Dafne McPherson, a Mexican mother of one, was working in a department store in San Juan del Rio when she began suffering severe stomach pain. Unaware that she was even pregnant, she went to the bathroom and went through labor before passing out from blood loss on the floor. When she awoke in the hospital, prosecutors accused her of having murdered her baby by suffocating it in the toilet. McPherson was found guilty and sentenced to 16 years in jail.
On Thursday, after three years in prison, McPherson was finally allowed to walk free after an appeals court found that the prosecution had used faulty scientific evidence to help convict her.
In Mexico, abortion remains illegal in much of the country — particularly in areas with conservative Catholic cultures. And McPherson’s case is representative of a number of women who have found themselves targeted for prosecution under abortion law following stillbirths, miscarriages, or other complications.

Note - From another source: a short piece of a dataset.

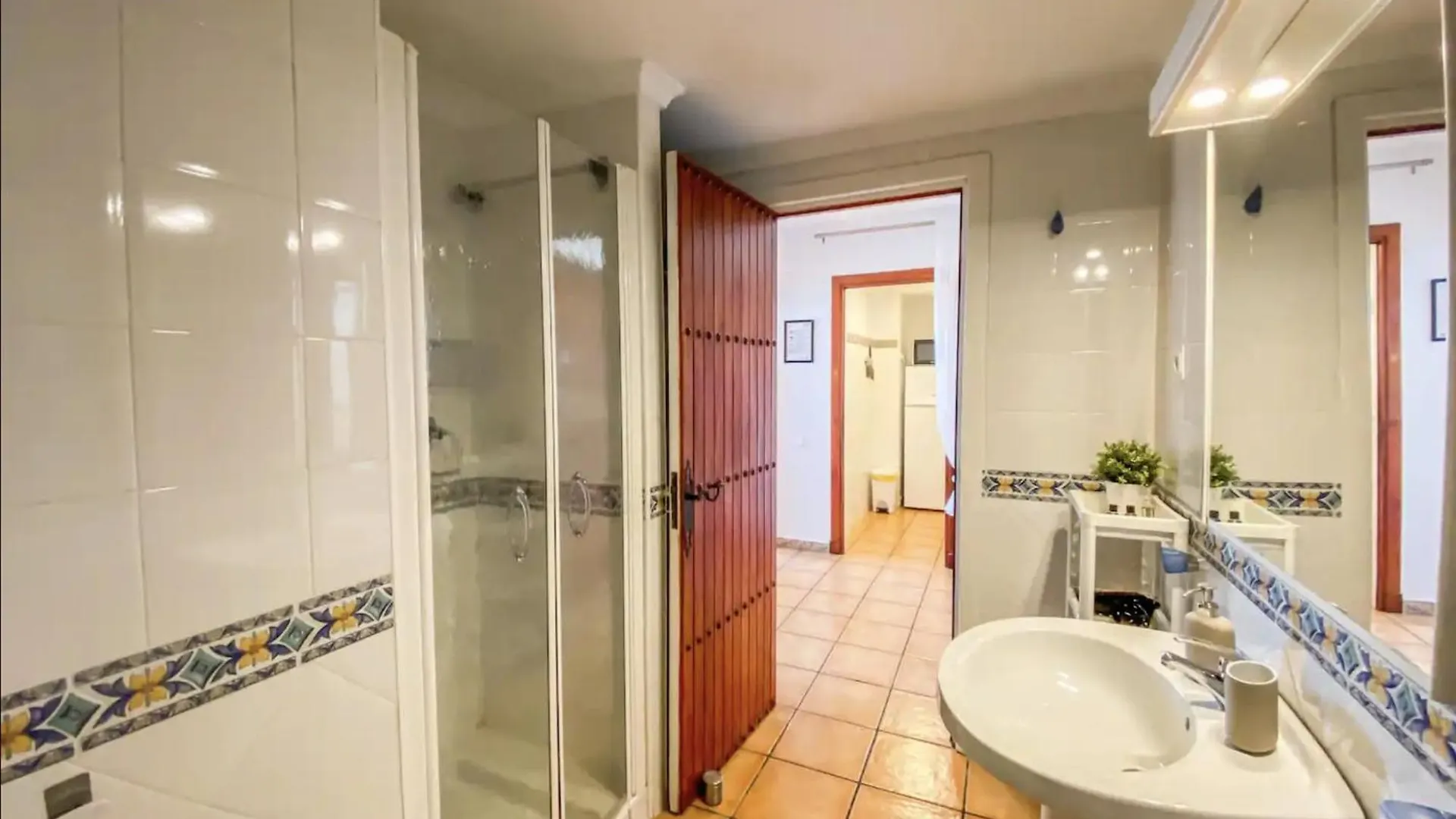 Apartamento Moderno Con Vistas Panoramicas Torremolinos Apartment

For McPherson, 29, the pain of miscarrying a pregnancy she had not been aware of was hard enough to deal with. But after she faced prosecution, her family was forced to sell the family home to cover her legal costs. During the trial, the prosecution described her to jurors as less human than “even a dog.”
“They didn’t investigate — they didn’t do a thing,” said McPherson of the prosecutors who put her in chains. “That’s why there are people inside who shouldn’t be in prison.”
For now, she said, she is trying to not dwell on what’s past.
“I’m very happy. I’m going to be able to see my baby,” said McPherson, referring to her young daughter Lia. It will be the first time she sees her daughter in three years.
Watch an interview (in Spanish) with Dafne McPherson below on El Financiero Bloomberg:
Read the full story at The Guardian.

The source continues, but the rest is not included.